Later in The White Album, Jafa samples the 2015 Oneohtrix Point Never song “Animals” (“We sit by the side / And observe all the animals .‌ . . Primal rage / Life in a cage”) as an iPhone video runs of a man demonstrating how quickly he can load and use an assault rifle, pistol, and extended magazines hidden under a t-shirt and jeans. The song continues as we see a Black character in Grand Theft Auto killed in the street and then a Gavin Brown sales associate smiling and scanning passerby in an art-fair booth.

In Jafa’s work, hinged sounds and images—many we may have already heard and seen, with preexisting velocity—generate expanded possibilities beyond their discrete aesthetic and political values. Jafa explores how visual media communicates the vitality and survival of Black people—their labor, their ideas, their songs—in the face of coordinated violence. His work also highlights the tendency for these histories to be abstracted into oblivion.

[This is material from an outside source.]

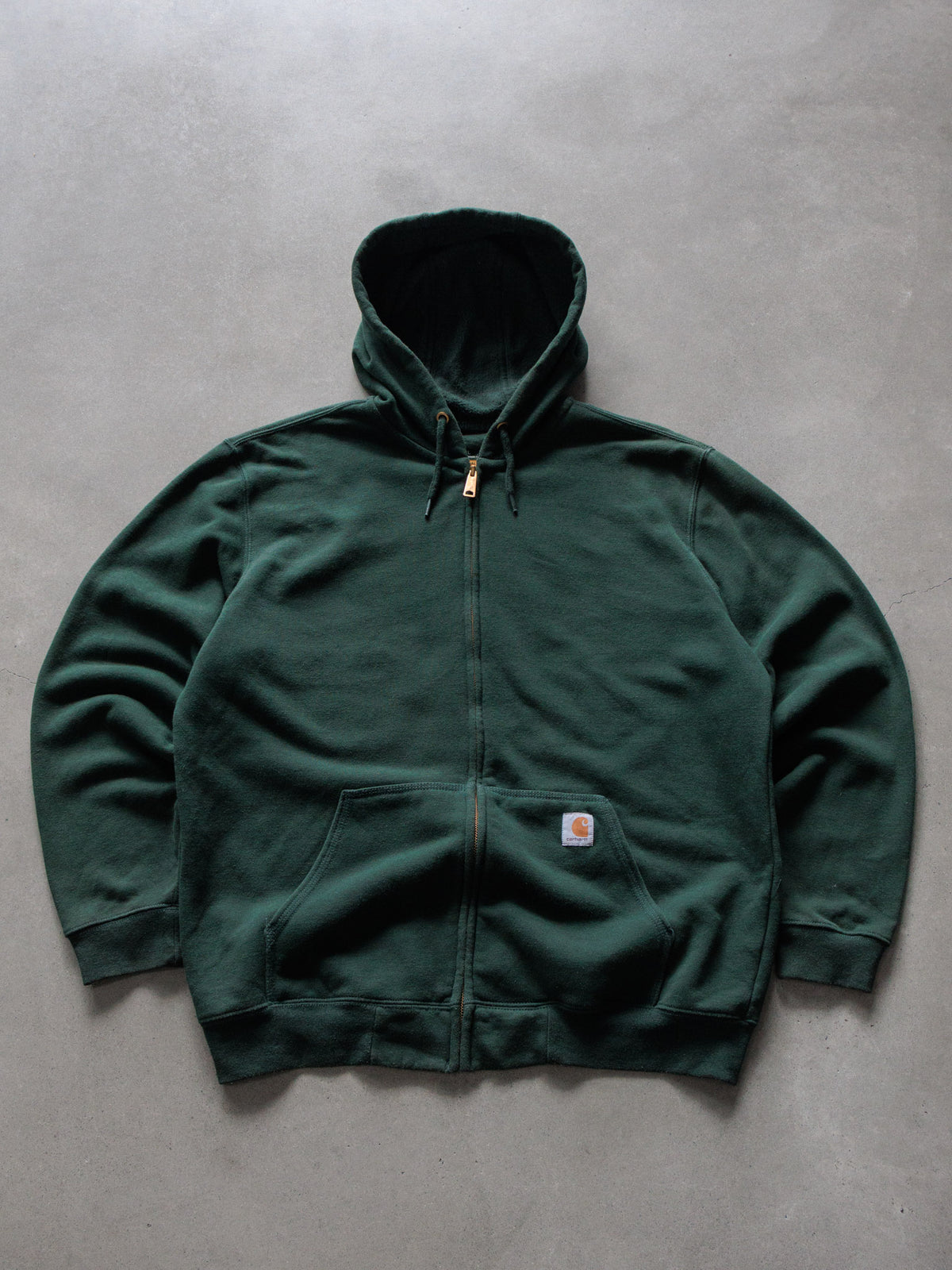 Vintage Green Carhartt Full Zip Hoodie (L)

Linking brainwashed terrorists to cool New York art dealers to video games, Jafa’s The White Album is a stunning experiment of affective juxtaposition and an open-ended lesson book on how music and violence are braided together in life and online.

The White Album screens Wednesday–Sunday, noon–8pm, through mid-October at 5 West 125th Street, under the auspices of Gladstone Gallery.